L. Mitrogiannis1, A. Barbouti1, P. Kanavaros1, G. Paraskevas2, A. Kitsouli1, G. Mitrogiannis1, P. Kitsoulis1
Pubmed: 29611163
Folia Morphol 2018;77(4):742-747.

Abstract

Background: The aim of this study was to analyse the biomechanical role of medial retinaculum, as a stabilising factor against lateral patellar dislocation.

Materials and methods: This cadaveric-biomechanical study included the patellae of 10 cadaveric knees, which were surgically exposed and the medial retinaculum of each one was located. A stable 24.51 N force was applied to the four parts of the quadriceps, and an increasing lateral displacing force was applied to the patella, up to 5 mm dislocation. The study was repeated for 0o, 45o, and 90o of knee flexion, with the medial retinaculum intact and dissected. The Wilcoxon signed rank test was used for data analysis. A p value < 0.05 was considered as statistical significant.

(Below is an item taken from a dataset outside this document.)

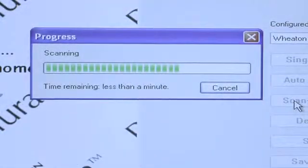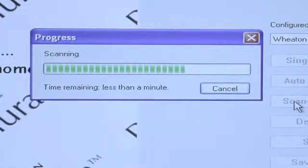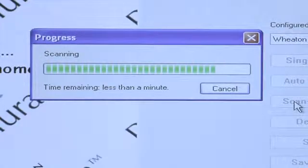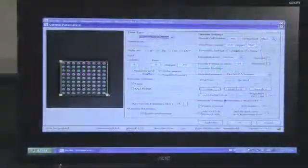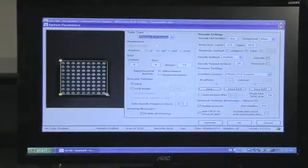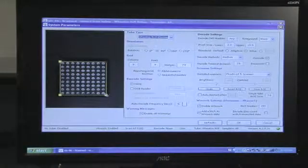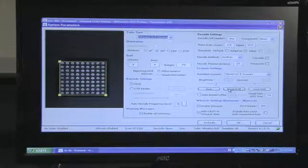The Wheaton Pluriscan will then perform a preliminary scan of the vials in the rack. Using your cursor, edit the size of the scan to the relevant area of interest.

Results: After the dissection of medial retinaculum, the lateral displacement force was lower at every angle of knee flexion (p = 0.005, p = 0.007, p = 0.005, respectively). The lateral displacement force increased as the flexion angle increased (p = 0.005), regardless of medial retinaculum integrity.

Conclusions: Medial retinaculum acts as a stabilising factor for the patella, against its lateral dislocation in lower flexion angles. Therefore, methods of surgical reinforcement or repair of medial retinaculum could provide protection against
recurrent patellar dislocation.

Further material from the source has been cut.